Opinion: Our tests themselves are failing
Dr. Angelika Pohl is founder and president of the Atlanta-based Better Testing & Evaluations.
High-stakes tests have indeed turned out to have high stakes: They have caused seasoned educators to be sent to prison.
The main problem with high-stakes tests is that they are shrouded in secrecy. Teachers are not allowed to see the tests that have serious consequences for them and their students. Of course, let’s not kid ourselves: Teachers do look at the tests to see what their students are being asked — and they are often appalled. They see questions with poor grammar, confusing wording, misspelled words, trivial and ambiguous questions, flawed graphs, and visually confusing charts and questions about facts and concepts they haven’t taught.
When teachers see these flaws, they cannot speak up, because that would reveal they violated test security regulations. No wonder teachers have doubts about the validity of these tests that have recently become high-consequence measures of their competence.
Tests are not inherently bad. It is quite possible to write test questions and answer choices most people would agree are fair measures of what a student has learned. But it costs money. And expertise.
I did not grow up wanting to be a testing expert, but it happened. After finishing my doctorate, I got a job with a big test development company in Massachusetts that produced teacher certification tests. They hired me because I was an eclectic type that seemed to know a little about a wide range of fields and enjoyed everything from philosophy to statistics.

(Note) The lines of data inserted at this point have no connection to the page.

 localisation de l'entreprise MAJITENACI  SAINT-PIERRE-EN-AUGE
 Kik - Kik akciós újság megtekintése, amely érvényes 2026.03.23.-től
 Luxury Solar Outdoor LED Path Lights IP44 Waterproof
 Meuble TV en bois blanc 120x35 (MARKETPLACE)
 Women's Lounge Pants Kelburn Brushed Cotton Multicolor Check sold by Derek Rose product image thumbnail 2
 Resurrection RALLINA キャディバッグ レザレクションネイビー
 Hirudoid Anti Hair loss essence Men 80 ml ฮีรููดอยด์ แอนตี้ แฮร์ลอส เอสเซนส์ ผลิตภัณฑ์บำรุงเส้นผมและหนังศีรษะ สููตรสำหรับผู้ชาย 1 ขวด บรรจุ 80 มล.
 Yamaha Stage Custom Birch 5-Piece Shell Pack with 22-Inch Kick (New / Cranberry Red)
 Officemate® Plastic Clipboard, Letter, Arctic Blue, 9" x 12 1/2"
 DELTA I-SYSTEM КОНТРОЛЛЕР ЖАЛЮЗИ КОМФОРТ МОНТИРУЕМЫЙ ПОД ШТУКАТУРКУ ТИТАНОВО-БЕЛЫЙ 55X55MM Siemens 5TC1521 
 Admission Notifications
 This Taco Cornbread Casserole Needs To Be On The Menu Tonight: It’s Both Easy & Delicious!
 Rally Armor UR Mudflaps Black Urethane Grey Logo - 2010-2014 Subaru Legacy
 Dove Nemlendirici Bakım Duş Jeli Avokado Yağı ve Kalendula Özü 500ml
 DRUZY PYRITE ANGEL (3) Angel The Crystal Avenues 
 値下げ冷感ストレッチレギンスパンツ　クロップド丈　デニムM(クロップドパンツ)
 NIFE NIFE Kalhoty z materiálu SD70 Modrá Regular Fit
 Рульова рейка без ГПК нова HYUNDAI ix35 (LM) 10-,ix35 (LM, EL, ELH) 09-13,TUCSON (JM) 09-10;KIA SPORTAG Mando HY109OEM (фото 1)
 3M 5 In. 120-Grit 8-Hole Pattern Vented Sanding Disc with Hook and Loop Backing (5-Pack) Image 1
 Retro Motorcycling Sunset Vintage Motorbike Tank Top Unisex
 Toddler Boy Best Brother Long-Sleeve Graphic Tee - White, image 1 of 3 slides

It was impressed upon me from Day One that questions on these tests had to be absolutely flawless, so that they would stand up in a legal challenge to their validity. Teachers could be denied a livelihood on the basis of these tests.
Before a question (usually termed an “item”) could appear on a test, it was subjected to numerous reviews. Three or four editors would tweak and fine-tune the wording, and a copy editor would subject the item to various tests of factual and linguistic accuracy. Once items were deemed flawless, they were presented to experienced teachers for careful scrutiny and extensive discussion. As a result, many items were thrown out or revised.
When I moved to Georgia, I began work with the Department of Education and was given responsibility for implementing the then-new high school graduation tests. The department had contracted with a test development firm to write the test questions.
When the contractor submitted tests for approval, I was appalled. Items had all the flaws listed above. I would send items back for revision, but that rarely resulted in great improvement. It became clear to me that we were receiving first drafts, rather than carefully edited items.
My years of training for precision and clarity would not let me accept these items, so I spent hours editing them myself. My colleagues and my director were of the opinion that items could just be thrown into a pilot test, submitted to hapless tens of thousands of students across Georgia, and then checked for statistical results.
If the stats met established criteria, the item was a go. Not human readers, but psychometrics had the last word. To be sure, statistical validity is a necessary criterion, but it is by no means a sufficient one.
Most of the state-level standardized tests given to students these days are poorly constructed. Contractors don’t want to spend the money to develop carefully constructed items; bureaucrats are intimidated or enamored by the psychometrics and lack editorial and pedagogical sensitivity.
As a result, the tests are crude measures of learning and do not invite the respect of students or teachers. High-quality tests are possible, and sorely needed, but the higher-ups need to know and care enough to insist on them.